Parsing Numbers from Strings in 5 Languages

In this series, we look at common practices and paradigms in 5 popular programming and scripting languages (JavaScript, Node.js, C++, Java, and PHP). We've separated JavaScript and Node.js to cover both ES5 (browser-safe) and ES6 (node-safe) features. For some entries in the series, a given language may not support a topic--in which case we'll attempt to find the closest analogue. This series is aimed at those with existing programming experience who are expected to have an existing, basic understanding of the topics covered, and will not server as an "in-depth" guide, but will, instead, provide a state overview for each language, and provide links to additional resources for more information.
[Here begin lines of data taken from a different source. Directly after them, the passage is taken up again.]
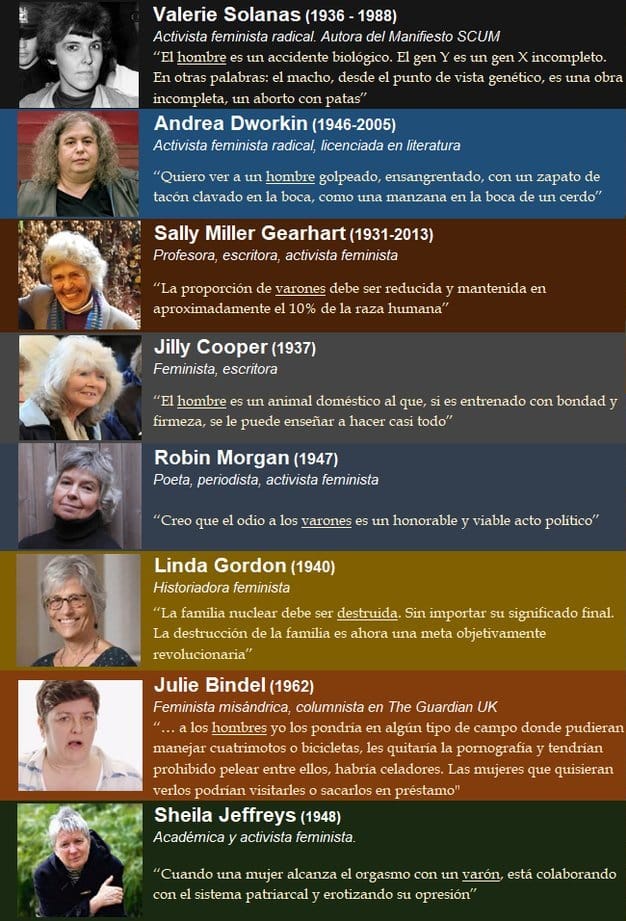 JaimeBN1987's tweet photo. "El feminismo no odia a los hombres". https://t.co/1skd3FtETX
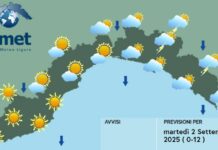 Meteo Liguria, ancora instabilità con possibili temporali meteo Liguria martedì 2 settembre 2025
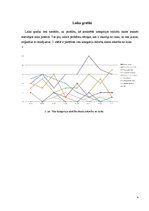 Referāts '"Tip top market" sūdzību analīze', 4.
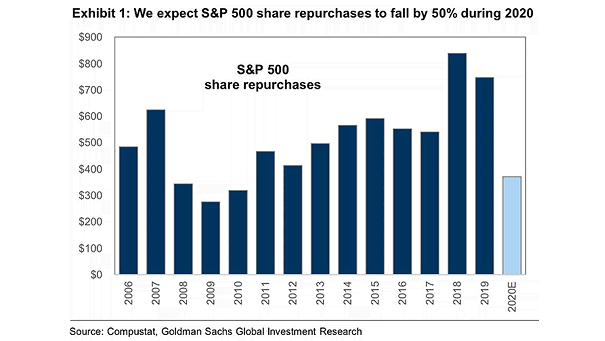U.S. Buybacks
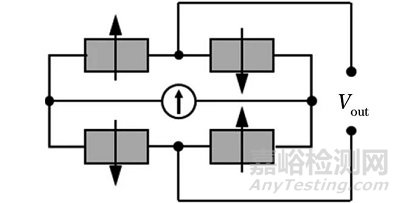 一文全面了解大提離漏磁無損檢測方法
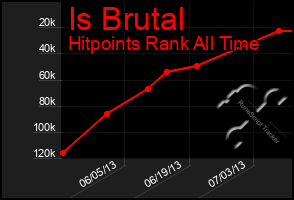 Total Graph of Is Brutal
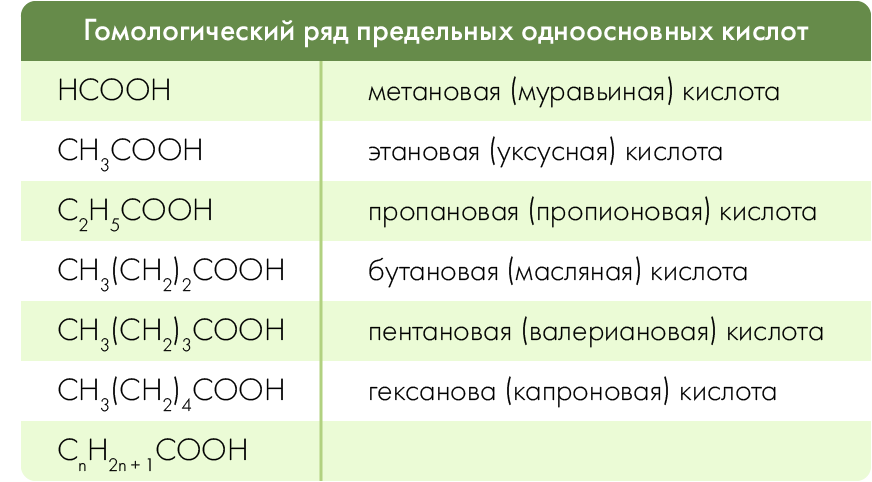 Гомологический ряд изомерия карбоновых кислот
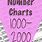 2000 Number Chart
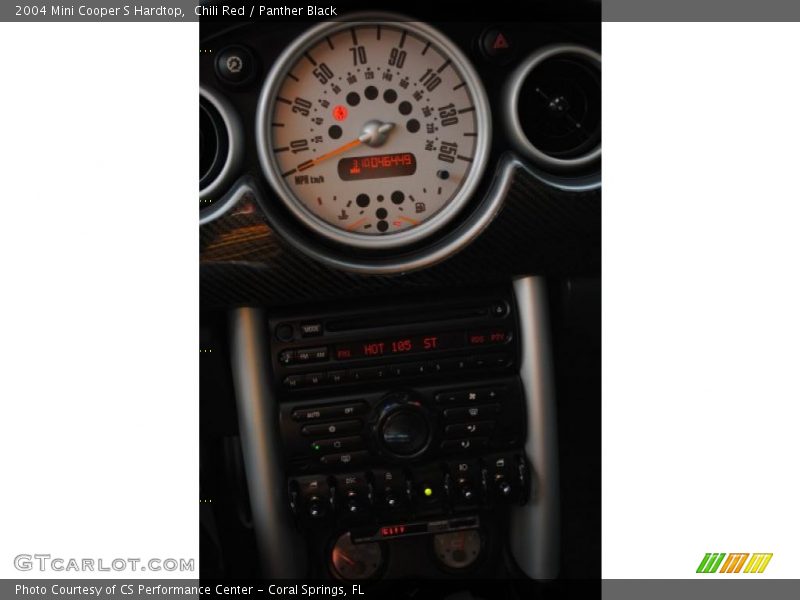 Chili Red / Panther Black 2004 Mini Cooper S Hardtop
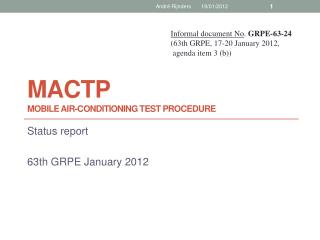 MacTP Mobile air-conditioning test procedure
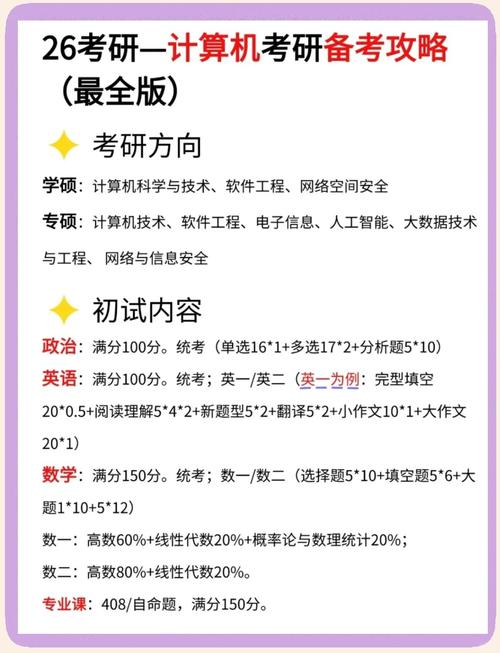 北京农学院计算机考研难不难?-图3 北京农学院计算机考研难不难?-图3
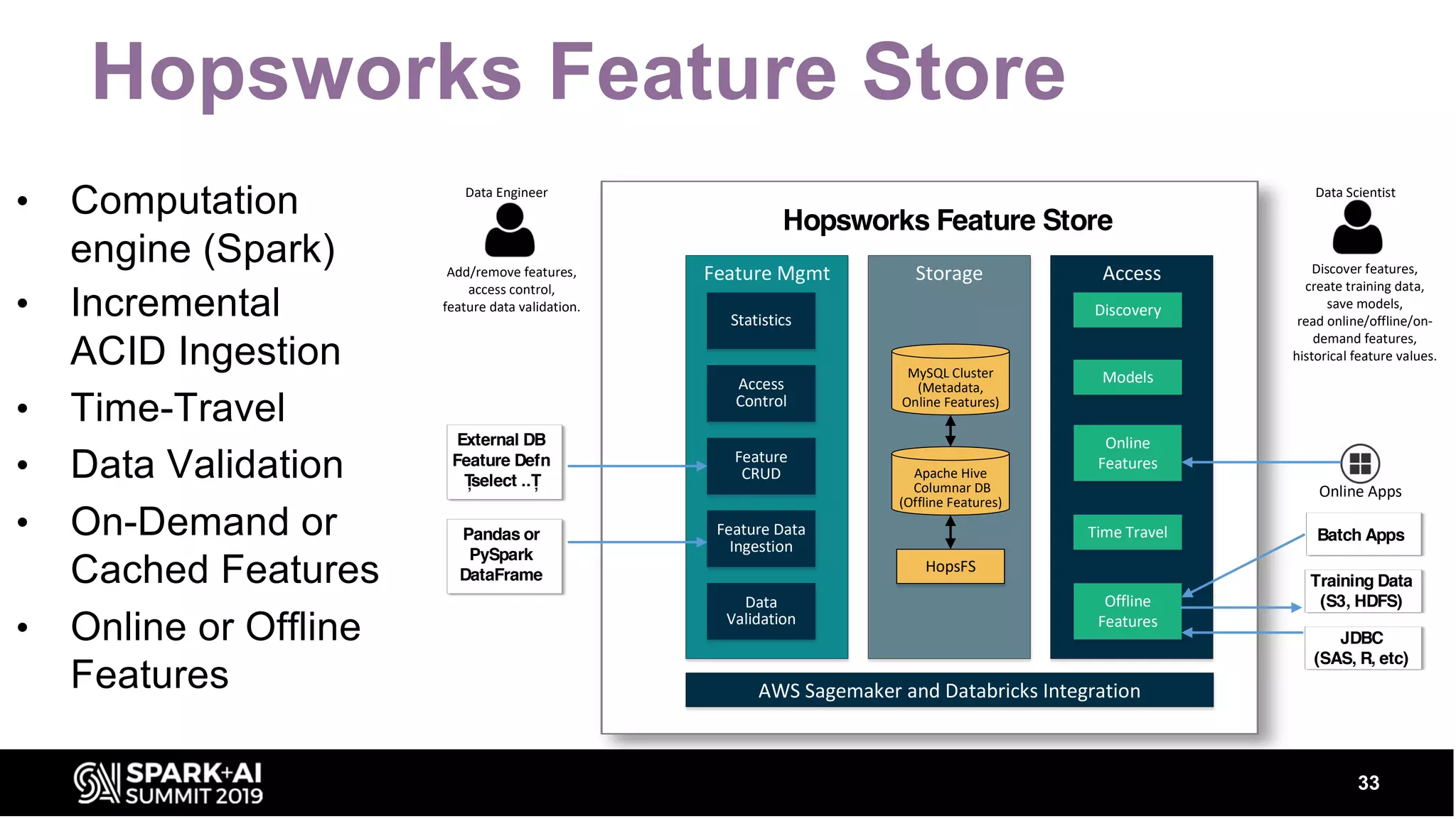 Hopsworks Feature Store 33 Feature Mgmt Storage Access Statistics Online Features Discovery Offline Features Data Scientist Online Apps Data Engineer MySQL Cluster (Metadata, Online Features) Apache Hive Columnar DB (Offline Features) Feature Data Ingestion Hopsworks Feature Store Training Data (S3, HDFS) Batch Apps Discover features, create training data, save models, read online/offline/on- demand features, historical feature values. Models HopsFS JDBC (SAS, R, etc) Feature CRUD Add/remove features, access control, feature data validation. Access Control Time Travel Data Validation Pandas or PySpark DataFrame External DB Feature Defn Țselect ..Ț AWS Sagemaker and Databricks Integration • Computation engine (Spark) • Incremental ACID Ingestion • Time-Travel • Data Validation • On-Demand or Cached Features • Online or Offline Features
In this post we're going to look at the functions which can parse numeric values from strings in our 5 languages.

Jump to:

JavaScript (Including Node.js)

JavaScript provides the global parseInt() and parseFloat() functions to extract numbers from strings. It's worth noting, before going any further, that all numbers in JavaScript are of the same type (Number), and the distinction here between integers and floating point numbers only applies to the string representations you are parsing.

Both functions will extract leading numeric values from string content, and will ignore any non-numeric characters which follow. If a string starts with a non-numeric character (irrespective of whether or not numeric characters appear later in the string), both functions will return NaN (not a number). However, these functions are not quite as simple as they might first appear.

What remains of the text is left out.